Конечно же я шутила, пытаясь приободрить его. Тогда никто не знал, к чему в итоге приведёт нас эта шутка.
***
Наши дни
Рома
— Только не говори, что ты собралась за него замуж из жалости, — честно старался держать себя в руках, но получалось откровенно плохо. Не знаю, чего хотелось больше: рвать и метать либо же просто забиться в угол, отдавшись во власть печали и страданий.
Соня отрицательно мотнула головой. Чем взбесила ещё сильнее.
— Тогда что?!
Её нежелание говорить убивало. Уж слишком огромен был соблазн напридумывать себе невесть что. Отчего-то сознание продолжало упорно рисовать бурный роман между этими двумя, хотя интуитивно я уже чувствовал: между Соней и Денисом ничего не было, кроме странной дружбы, понятной одним им.
— Я… — начала она и замолчала.
— А-а-а-а! — закричал, хватаясь за голову. — Я сейчас либо сам рехнусь, либо тебя… стукну.
— Стукни, — дрожащими губами попыталась улыбнуться она.
И опять этот острый укол сочувствия к ней, когда до одури хочется обнять её и… успокоить, пообещать, что непременно всё будет хорошо и мы обязательно со всем справимся.

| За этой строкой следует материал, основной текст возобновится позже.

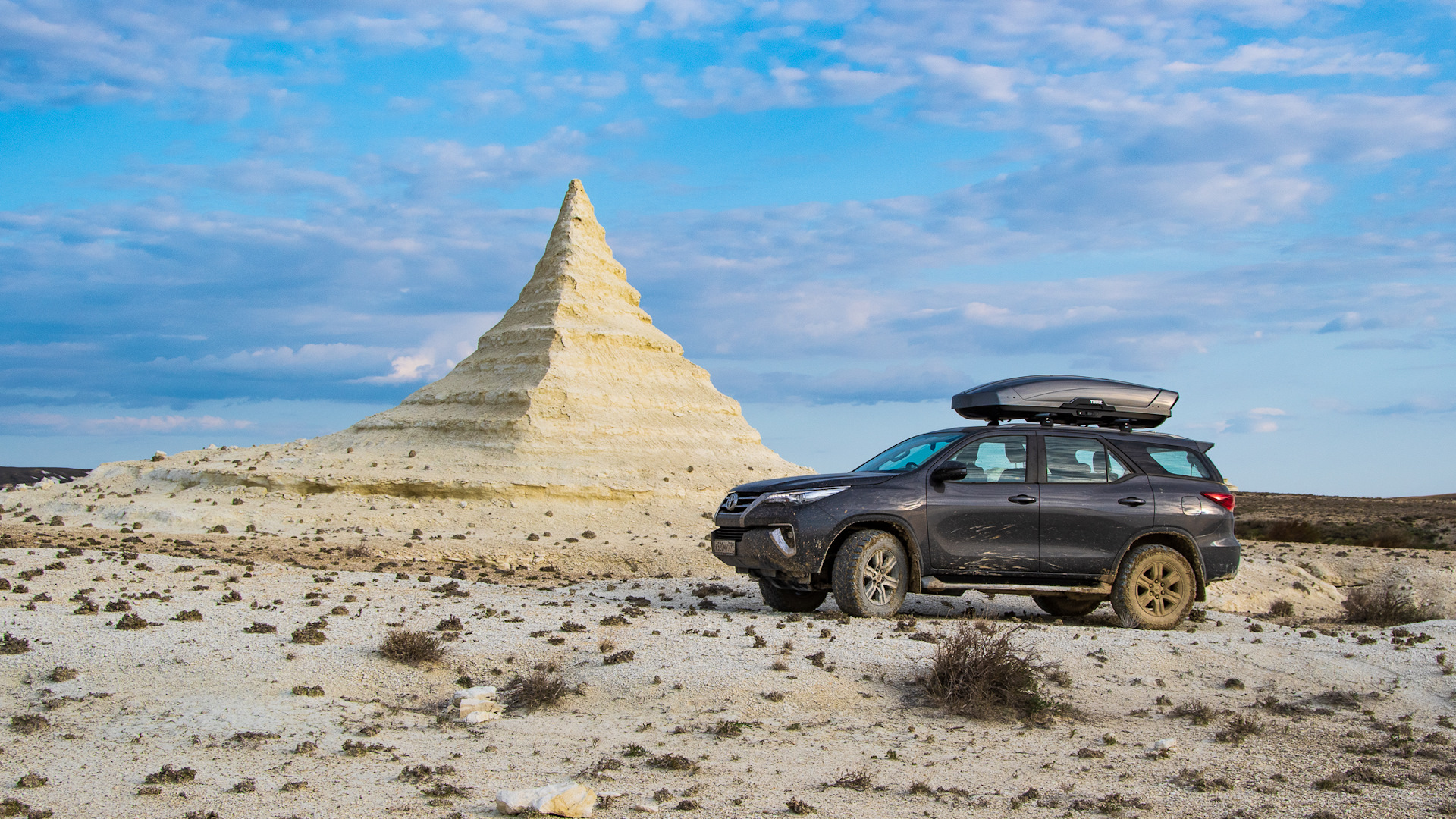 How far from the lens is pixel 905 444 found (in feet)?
37.4

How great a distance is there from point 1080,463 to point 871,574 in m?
2.64

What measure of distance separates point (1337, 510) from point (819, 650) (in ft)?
176

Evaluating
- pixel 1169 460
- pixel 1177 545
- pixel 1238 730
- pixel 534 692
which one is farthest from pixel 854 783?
pixel 1169 460

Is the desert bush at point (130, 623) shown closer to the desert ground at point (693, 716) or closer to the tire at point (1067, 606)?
the desert ground at point (693, 716)

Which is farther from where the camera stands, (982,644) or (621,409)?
(621,409)

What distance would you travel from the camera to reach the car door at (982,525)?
10.2 metres

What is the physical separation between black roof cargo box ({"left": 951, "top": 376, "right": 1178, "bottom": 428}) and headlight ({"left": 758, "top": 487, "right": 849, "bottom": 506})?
83.8 inches

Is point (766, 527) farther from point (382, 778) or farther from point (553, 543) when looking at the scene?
point (553, 543)

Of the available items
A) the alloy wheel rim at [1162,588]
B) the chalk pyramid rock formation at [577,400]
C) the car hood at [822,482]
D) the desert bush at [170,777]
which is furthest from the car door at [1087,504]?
the chalk pyramid rock formation at [577,400]

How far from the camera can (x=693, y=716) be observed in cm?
764

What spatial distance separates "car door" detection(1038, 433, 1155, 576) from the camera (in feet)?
34.1

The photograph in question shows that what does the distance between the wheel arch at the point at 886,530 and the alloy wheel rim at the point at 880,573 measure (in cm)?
16

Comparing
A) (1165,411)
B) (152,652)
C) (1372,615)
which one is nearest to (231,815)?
(152,652)

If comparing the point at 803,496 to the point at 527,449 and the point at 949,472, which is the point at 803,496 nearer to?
the point at 949,472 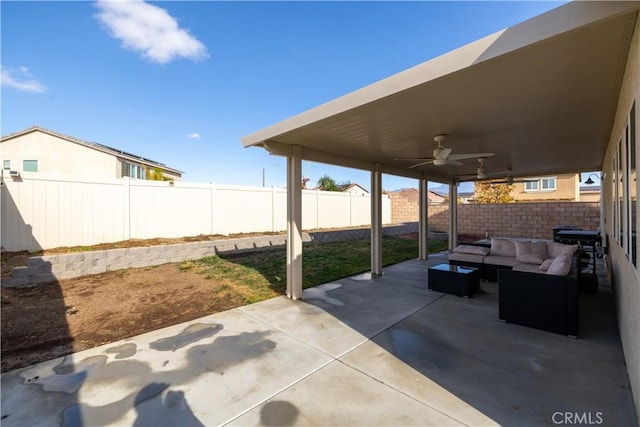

Она сидела совсем рядом со мной на земле, пропуская струйки песка сквозь пальцы.
— Не знаю, как тебе объяснить… Не знаю, как сделать так, чтобы ты понял.
— То есть я настолько дурак.
Романова опять мотнула головой.
— Соня, убери эту жертвенность, пожалуйста, — потребовал у неё — выносить это раскаянье становилось невыносимо.
Если честно, то я её не узнавал. Моя Соня всегда отличалась смелостью и боевым характером, постоянной готовностью к великим подвигам и свершениям… А сегодня её словно подменили. Или же это отголоски её депрессии? Соблазн свалить всё на болезнь был слишком велик.
Судорожно сделала вдох и вдруг начала:
— Знаешь, меньше всего на свете я хотела жаловаться тебе на жизнь.
— Да, я это уже понял.
— Но и объяснить тебе своё решение, минуя всё случившееся, было… невозможно.
— Ну, спасибо, что хоть это рассказала, — фыркнул я, на что Романова вдруг резко вздёрнула голову, словно позабыв, что только что пыталась хоть как-то оправдаться передо мной.
— Ну да, наивно было полагать, что ты поймёшь.
— Пойму ЧТО?! — вконец сорвался я.
— Что я сама решила, что должна от тебя уйти, а замужество было лишь предлогом…
***
Месяц назад
Соня
Решение пришло как-то совсем неожиданно… Настолько, что сама оказалась не готова к нему.
Просто шла однажды с пар и наткнулась на Александру Сергеевну, гуляющую в сквере с Никитой. Пока младший Чернов наворачивал круги вокруг фонтана, Саня сидела на лавке и счастливо улыбалась. Было в этой улыбке что-то такое… таинственное и искреннее, невольно наводящее на воспоминания о полотнах великих мастеров, посвящённых Мадонне.